§ **How to complete this task**
Every line below must be reproduced exactly; no pictures are to be included.

§ **Data**
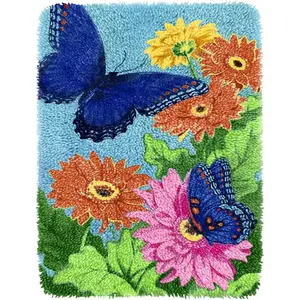 Butterfly Floral Latch Hook Kits for Adults, DIY Crochet Yarn Rugs Hooking Craft Kit with Color Preprinted Pattern Design for Adults and Beginners(Butterfly, 20 x 15in)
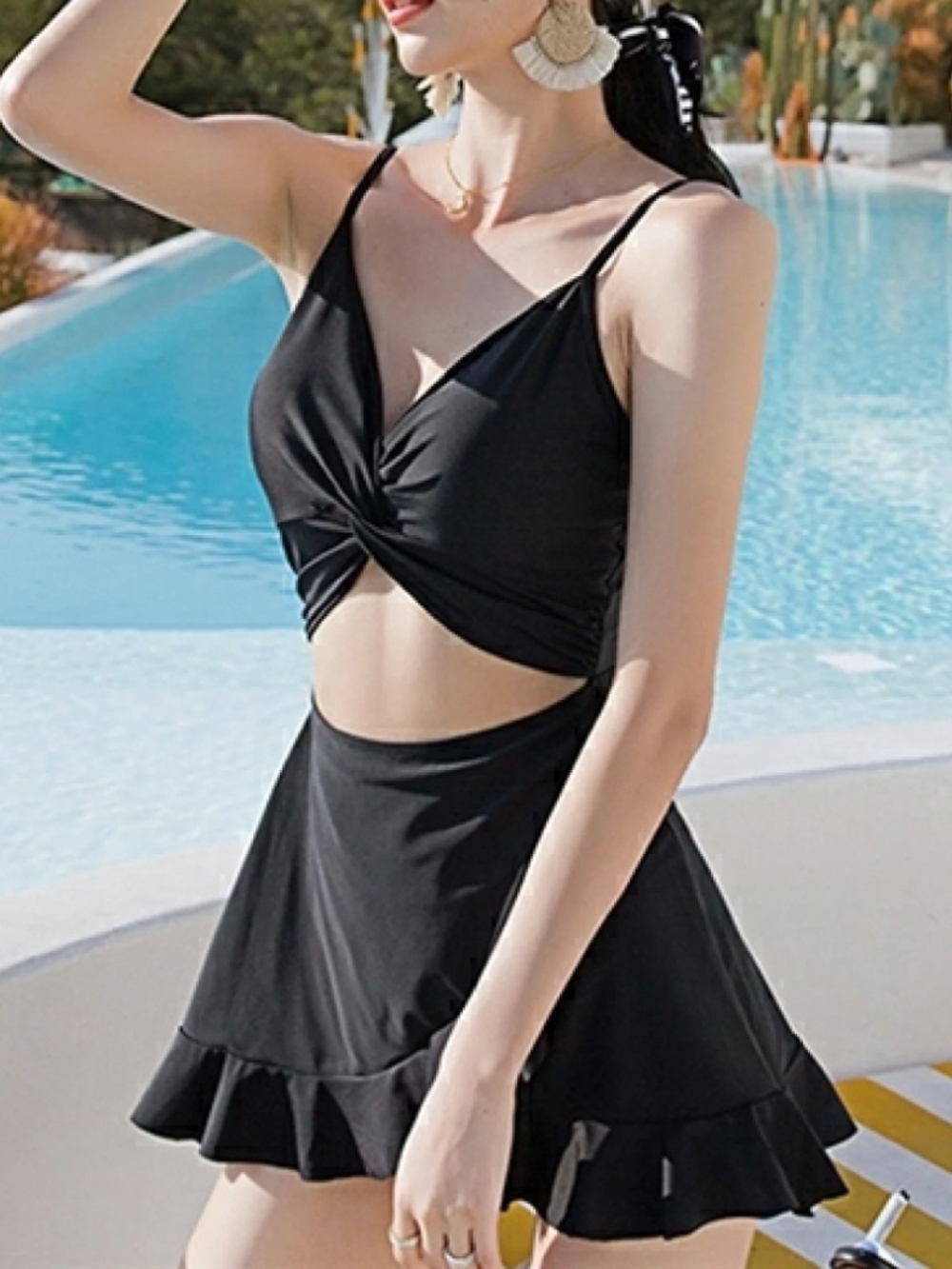 Source Unknown Black Twist-Front One-Piece Swimdress With Short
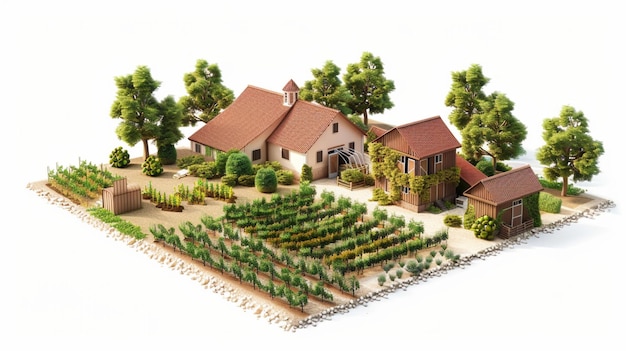 a model of a farm with a house and trees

§ **Exercise answer**
 Butterfly Floral Latch Hook Kits for Adults, DIY Crochet Yarn Rugs Hooking Craft Kit with Color Preprinted Pattern Design for Adults and Beginners(Butterfly, 20 x 15in)
 Source Unknown Black Twist-Front One-Piece Swimdress With Short
 a model of a farm with a house and trees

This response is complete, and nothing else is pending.